Hope Sandoval & The Warm Inventions - Through the Devil Softly
Label : Nettwerk Sortie : 29/09/09 Format : CD Disponible : Partout | Le rock pardonne peu aux voix, peu d'interprètes, entendons par là "seulement" interprètes, ont réussi à conquérir les hall of fame. Pour une Nancy Sinatra, pas si rock que ça, pour un Bashung qui faisait ses musiques mais chantait les mots des autres, beaucoup de chanteurs et chanteuses dont le grain mémorable n'a pas suffi à leur faire gagner les galons de grands artistes. Le rock, ce n'est ni la chanson, ni le jazz, on n'y trouve guère de Frank Sinatra ou de Piaf.
Hope Sandoval, c'est justement une incarnation. Une voix d'une telle sensualité qu'elle prend corps instantanément, fait dresser les poils et rend les oreilles humides.

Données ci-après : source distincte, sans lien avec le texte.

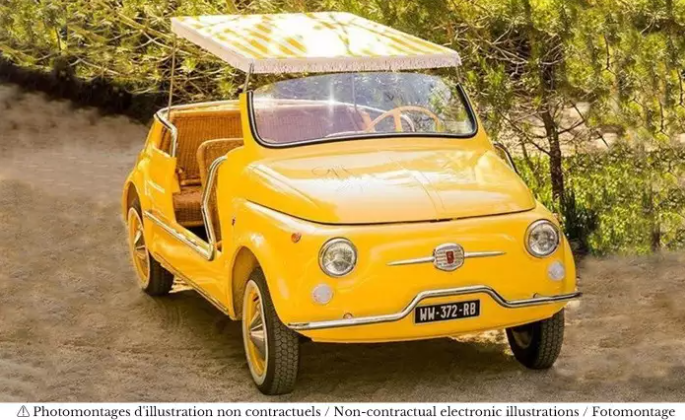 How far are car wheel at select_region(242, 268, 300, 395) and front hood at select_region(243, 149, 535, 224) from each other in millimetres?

Un jour de 1993, comme beaucoup, je découvrais un titre fabuleux, 'Fade into you', digne héritier du 'wild horses' des Stones, sommet d'un album, le 2e de Mazzy star, resté dans les mémoires. Pourtant, au-delà de ce morceau de bravoure, ce n'est pas le premier album, inabouti et sans génie, ni le 3e, qui confirmèrent le statut d'exception de la langoureuse Hope. Pire, ce sont les rois du dancefloor, les Chemical brothers, qui lui offrirent son autre morceau phare, 'Asleep from day'. A nouveau la magie opérait, à nouveau la bouche de Hope nous remplissait d'images inavouables.

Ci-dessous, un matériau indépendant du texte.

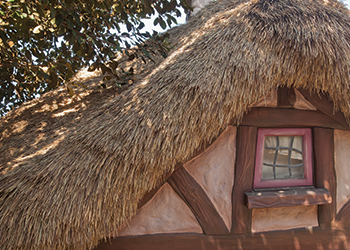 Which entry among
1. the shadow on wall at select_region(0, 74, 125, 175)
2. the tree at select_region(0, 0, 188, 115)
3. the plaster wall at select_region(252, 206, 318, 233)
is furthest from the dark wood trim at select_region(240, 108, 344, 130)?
the shadow on wall at select_region(0, 74, 125, 175)

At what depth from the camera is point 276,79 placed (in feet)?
6.84

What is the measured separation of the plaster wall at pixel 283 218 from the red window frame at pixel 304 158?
225 millimetres

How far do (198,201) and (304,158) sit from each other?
115 centimetres

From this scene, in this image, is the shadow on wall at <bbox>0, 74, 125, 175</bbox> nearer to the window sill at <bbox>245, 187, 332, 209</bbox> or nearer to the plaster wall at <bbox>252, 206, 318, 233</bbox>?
the window sill at <bbox>245, 187, 332, 209</bbox>

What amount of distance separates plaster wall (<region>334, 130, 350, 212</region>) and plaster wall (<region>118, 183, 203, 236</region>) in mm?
1463

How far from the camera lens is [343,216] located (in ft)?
7.94

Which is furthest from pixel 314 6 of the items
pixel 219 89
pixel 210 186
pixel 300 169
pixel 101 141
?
pixel 101 141

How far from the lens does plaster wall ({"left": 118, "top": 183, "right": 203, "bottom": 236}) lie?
211 centimetres

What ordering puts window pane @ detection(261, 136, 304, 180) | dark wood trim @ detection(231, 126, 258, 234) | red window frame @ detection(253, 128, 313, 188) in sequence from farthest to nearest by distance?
window pane @ detection(261, 136, 304, 180)
red window frame @ detection(253, 128, 313, 188)
dark wood trim @ detection(231, 126, 258, 234)

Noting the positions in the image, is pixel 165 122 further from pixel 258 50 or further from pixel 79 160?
pixel 258 50

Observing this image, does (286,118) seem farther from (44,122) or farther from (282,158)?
(44,122)

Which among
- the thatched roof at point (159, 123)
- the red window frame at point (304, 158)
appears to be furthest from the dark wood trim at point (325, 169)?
the thatched roof at point (159, 123)

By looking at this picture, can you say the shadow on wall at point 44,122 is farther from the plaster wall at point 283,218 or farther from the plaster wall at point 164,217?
the plaster wall at point 283,218

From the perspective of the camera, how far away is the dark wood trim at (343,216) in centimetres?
241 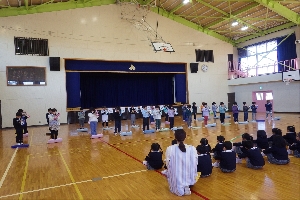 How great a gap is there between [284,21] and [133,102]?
541 inches

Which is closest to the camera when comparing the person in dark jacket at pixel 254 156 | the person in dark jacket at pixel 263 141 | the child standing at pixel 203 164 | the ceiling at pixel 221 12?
the child standing at pixel 203 164

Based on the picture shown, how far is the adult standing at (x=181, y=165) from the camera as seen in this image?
14.0ft

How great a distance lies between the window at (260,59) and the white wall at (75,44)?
15.0 ft

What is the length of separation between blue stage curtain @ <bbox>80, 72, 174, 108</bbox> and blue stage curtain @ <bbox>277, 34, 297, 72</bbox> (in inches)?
349

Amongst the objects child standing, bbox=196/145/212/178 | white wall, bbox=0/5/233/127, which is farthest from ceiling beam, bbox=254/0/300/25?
child standing, bbox=196/145/212/178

Lorsque le nouvel album de Warm inventions fut annoncé, 8 ans après le premier, un frisson d'impatience nous parcourut l'échine. La présence à ses côtés de Colm O Cíosóig, batteur de My bloody Valentine, rendait plus excitante encore cette attente. Un tel attelage allait nous redonner du neuf, une alliance terrible et chaude de sons innovants et de chant captivants. A la hauteur de ces attentes, through the devil softly est un pétard mouillé. Aucun sommet, rien de neuf, et il ne faudrait pas pousser beaucoup pour qu'on avoue quelques baillements mal réfrénés. A la 8e ou 10e écoute, un certain charme alangui finit par opérer, fragile, révélant combien ce disque ne peut se défendre seul et à quel point il a besoin de conditions d'écoutes favorables. Il aurait fallu quelques grammes d'ambition pour atteindre le niveau d'antan. Aucune ambition ici justement, et le chant est trop répétitif, trop mécanique, pour exercer véritablement son charme. Paradoxalement, on retiendra plus la guitare de 'Thinking Like That' que le chant. Ce chant-là manque singulièrement d'invention pour nous resservir les mêmes inflexions, les mêmes phrases vocales qu'il y a 20 ans, 'There's A Willow' irrite rapidement, comme un Chris Isaak en roue libre, qui a du moins le mérite d'écrire ses propres titres. En 2001 les Warm inventions débutaient par une adaptation de 'Suzane' de Leonard Cohen, c'était assez bon, sans génie, et probablement la voie la moins risquée pour éviter de totalement nous ennuyer. A la manière d'un road movie, le style choisi par Hope Sandoval, celui du "presque rien", ne supporte que l'excellence ou sombre dans l'insipide.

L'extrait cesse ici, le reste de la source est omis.